Berkshire Hathaway made a profit of $35.5 billion in the first quarter. Its insurance business and growth in Apple (AAPL) stock helped it make this profit. The conglomerate’s operating income was $8.1 billion, which was 12.6% more than the year before. Berkshire sold billions of dollars’ worth of stock in the first quarter and added $2 billion to its cash pile. This shows that the company is currently putting more value on cash than on stock purchases.
Berkshire’s biggest equity holding is in Apple, which Buffett said is “better than any business” Berkshire owns outright. He also said that the “moat” of customers makes the iPhone a “extraordinary product.” The fact that iPhone sales did better than expected in the first quarter sent Apple stock up almost 5% on Friday. A few years ago, Buffet said that selling some of the company’s stock to pay taxes was a “dumb decision.”
Buffett and Munger said that higher interest rates would hurt business real estate, which they saw as a bad sign. Munger told the Financial Times last month that banks were “full” of bad commercial real estate loans and that investors should lower their hopes for stock returns.
But the two were hopeful that the sector’s problems could give them, as well-known value investors, chances to make money in the future. “In the 58 years we’ve been running Berkshire, I’d say the number of people doing stupid things has gone up a lot, and they do stupid things on a big scale,” Buffett said.

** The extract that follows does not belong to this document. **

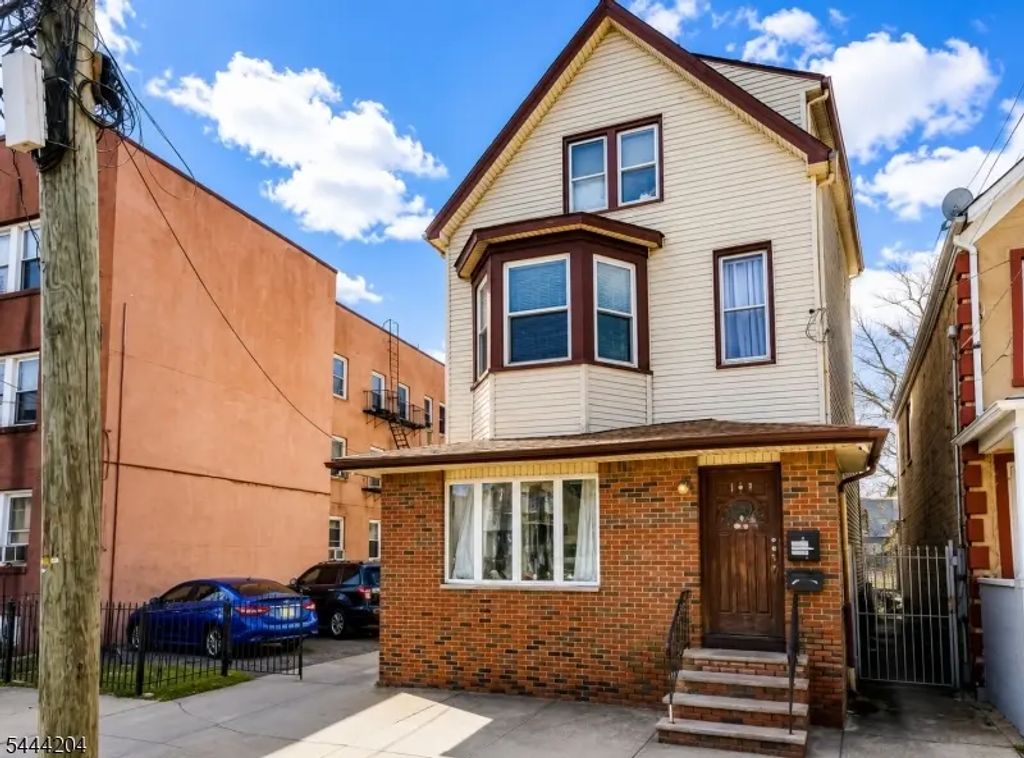 138-140 E Jersey St, Elizabeth City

Berkshire is set up to take advantage of these bad choices. The company has $130,6 billion in cash on hand, which is the most it has had since 2021.
Buffett explained why Berkshire decided to sell most of its $4 billion stock in Taiwan Semiconductor (TSM) by saying that Taiwan is a source of tension between China and the United States. He said that TSMC was “one of the best-managed and (most) important companies in the world,” but he said that he “felt better” about how the company used its cash in Japan.
At the yearly meeting, investors also asked questions about the rise of artificial technology. Buffett said that AI can change “everything in the world except how men think and act.” Munger said that he is “skeptical of some of the hype in AI,” and that “old-fashioned intelligence works pretty well.”
In response to a question about the standoff over the U.S. debt ceiling, Buffett said that he doesn’t see how the U.S. government could let “the debt ceiling cause the world to go into turmoil.”